(Beginning of TASK INPUTS)

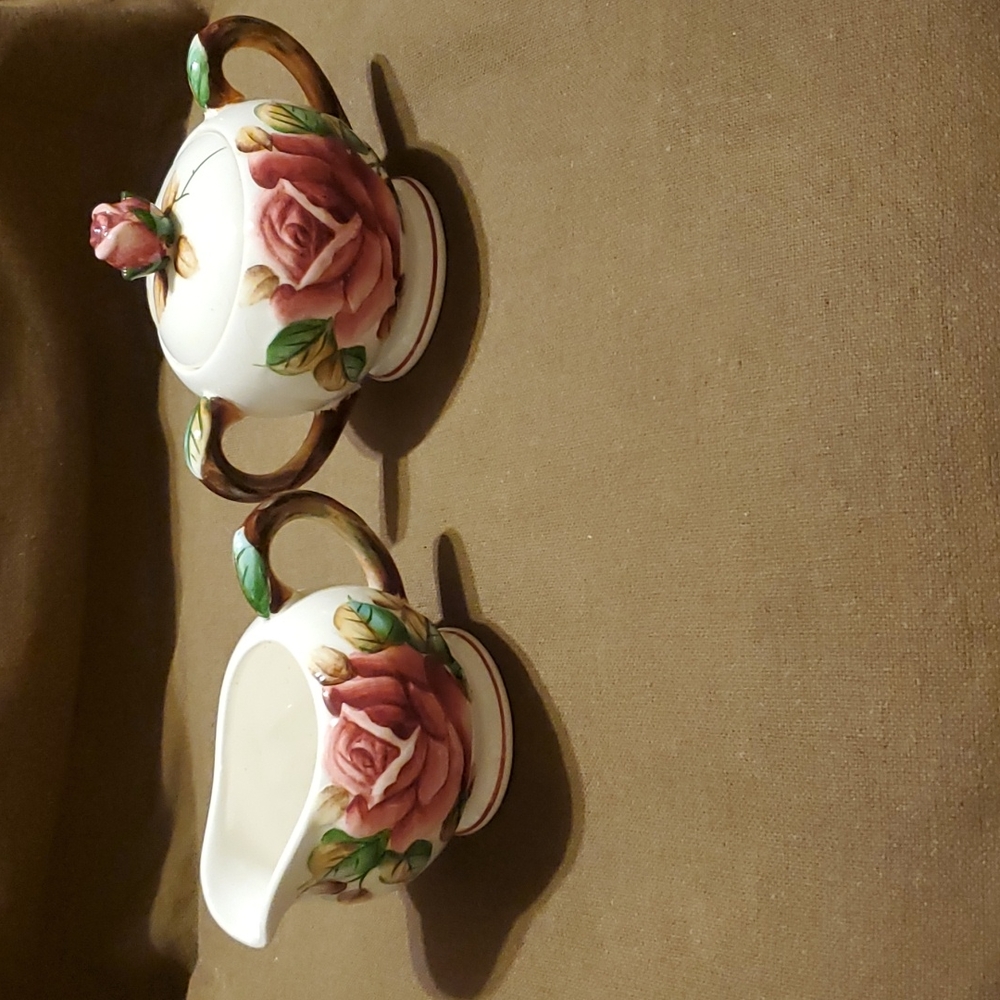 Lefton American Rose Sugar Bowl & Creamer Set #953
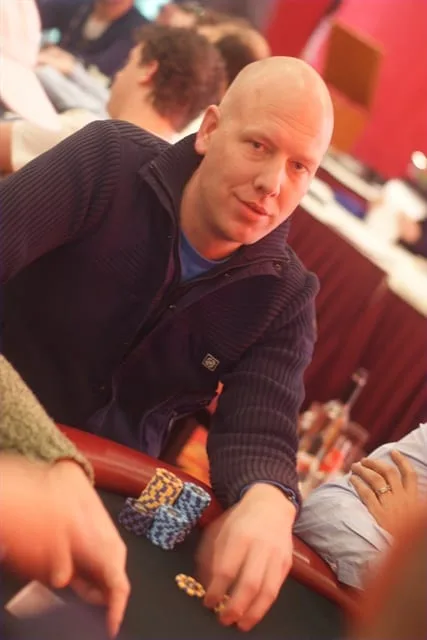 Rutger Zodiac | 2011/01 - Dom Classics - 1500eu NLHE Main Event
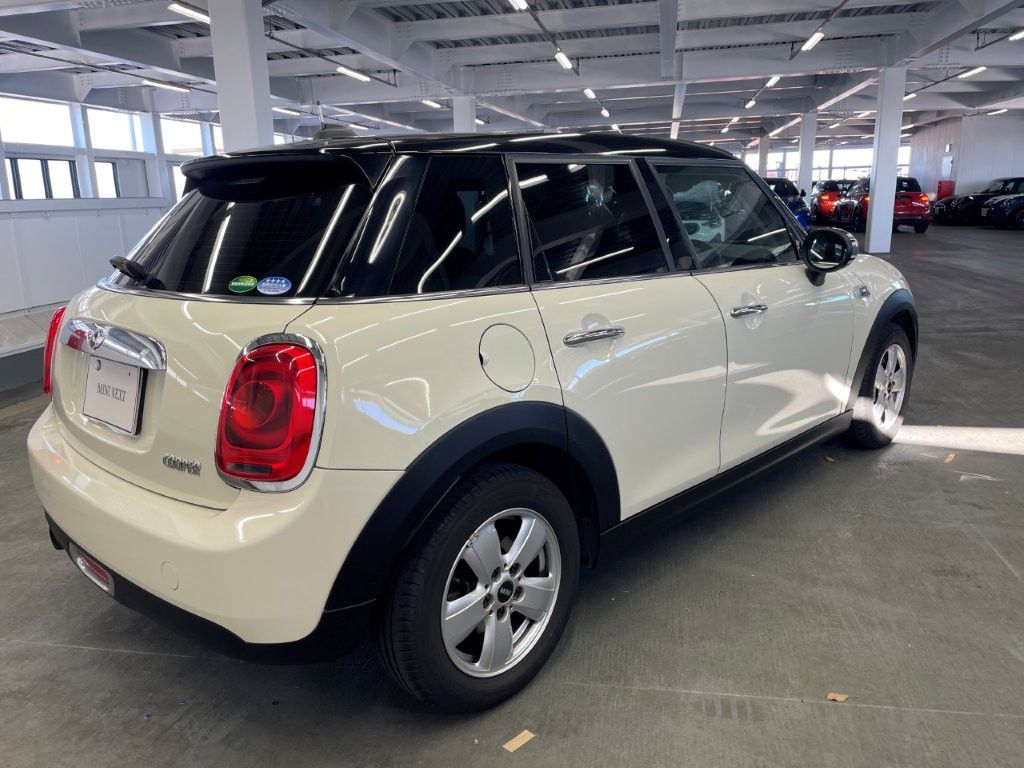 F55 COOPER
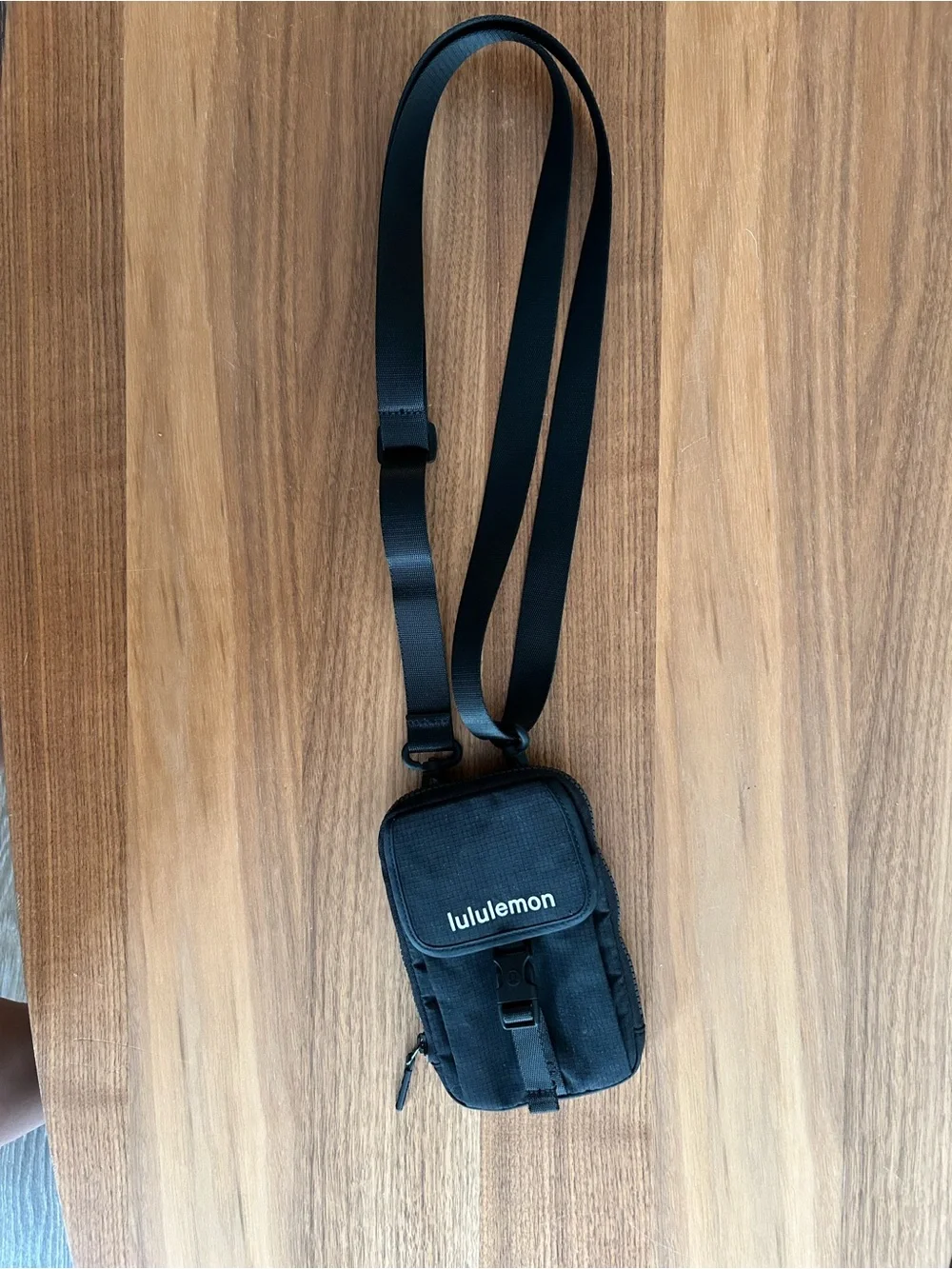 lululemon small crossbody bag All Night Festival Micro (Black/Gold): Handbags W 30Cm X D 10Cm X H 20.5Cm (11.8 X 3.9 X 8.1) Lululemon Easy Access Crossbody: An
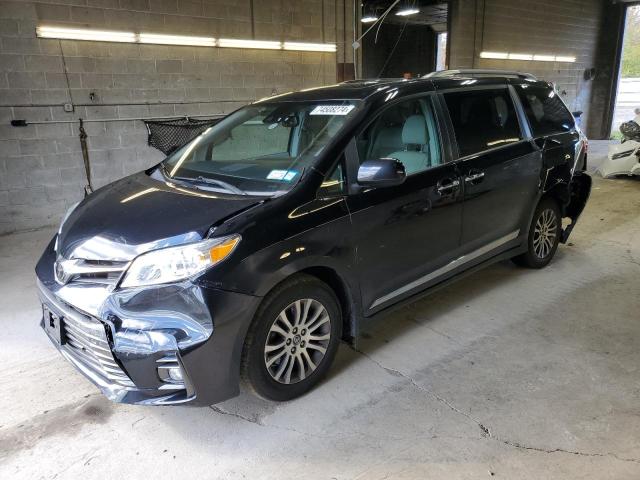 TOYOTA SIENNA XLE 2018 5tdyz3dc3js929886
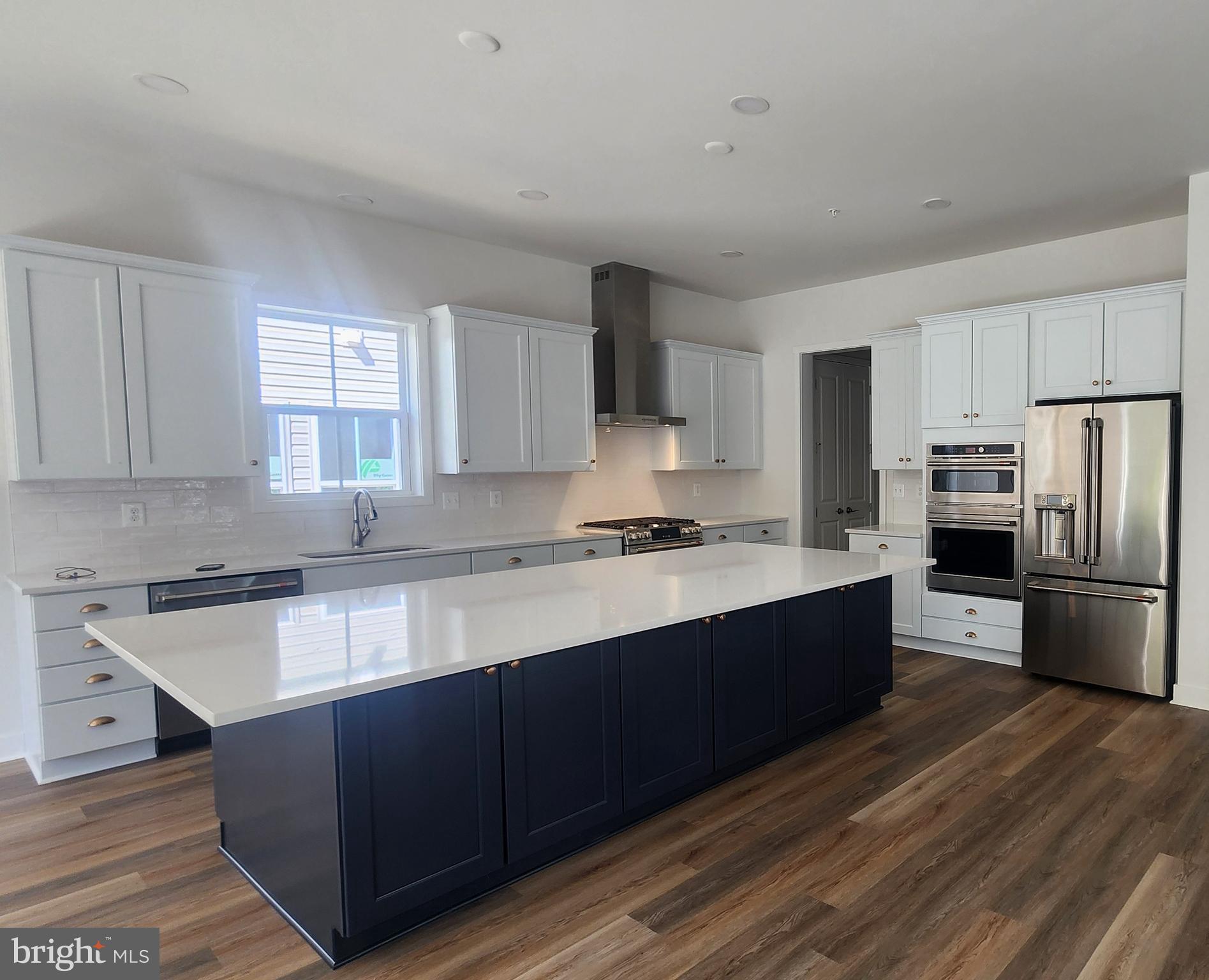 FORD'S GRANT - Residential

(End of TASK INPUTS)

WHAT TO WORK ON: Extract all the data above exactly, excluding every picture.

TASK RESPONSE:
 Lefton American Rose Sugar Bowl & Creamer Set #953
 Rutger Zodiac | 2011/01 - Dom Classics - 1500eu NLHE Main Event
 F55 COOPER
 lululemon small crossbody bag All Night Festival Micro (Black/Gold): Handbags W 30Cm X D 10Cm X H 20.5Cm (11.8 X 3.9 X 8.1) Lululemon Easy Access Crossbody: An
 TOYOTA SIENNA XLE 2018 5tdyz3dc3js929886
 FORD'S GRANT - Residential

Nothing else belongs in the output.